EDN logo


Design Feature: June 6, 1996

Ping-Pong scheme uses semaphores to pass dual-port-memory privileges

Oyvind Teig,
Autronica AS

Numerous schemes for passing data between processors and dual-port memory are possible. However, a Ping-Pong scheme uses just three semaphores, uses no state information inside the dual-port memory, and does not depend on time.

During the last few years, the price of dual-port memory has dropped to a level that makes it feasible for use in embedded systems. Using a dual-port RAM seems attractive, but you must know how to use this RAM properly. The two processors, one on each side of the dual-port RAM, cannot just read and write to the dual-port RAM at any time. To help the designers handle this problem, most dual-port RAMs have internal semaphores. Semaphores are flags that only one processor at a time can own.

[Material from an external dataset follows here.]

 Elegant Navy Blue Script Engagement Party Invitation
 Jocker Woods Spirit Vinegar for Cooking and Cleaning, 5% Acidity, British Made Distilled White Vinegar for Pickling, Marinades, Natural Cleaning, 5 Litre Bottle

These semaphores are only basic building blocks. You must also implement a scheme that allows data to safely pass from one processor to the other. Several schemes are possible. In one scheme, the dual-port RAM itself could hold a state variable for use during the processors' arbitration. Another scheme is to guarantee that the other processor reads and modifies the data within a tight time limit.

However, a third possible scheme uses no state information inside the dual-port RAM area and does not depend on time. This scheme uses three of the usual eight hardware semaphores, and the two processors can differ in processing power and speed. The processors on each side pass through simple state machines with only one possible next state. This "Ping-Pong" approach lets a privilege continuously pass back and forth between the processors.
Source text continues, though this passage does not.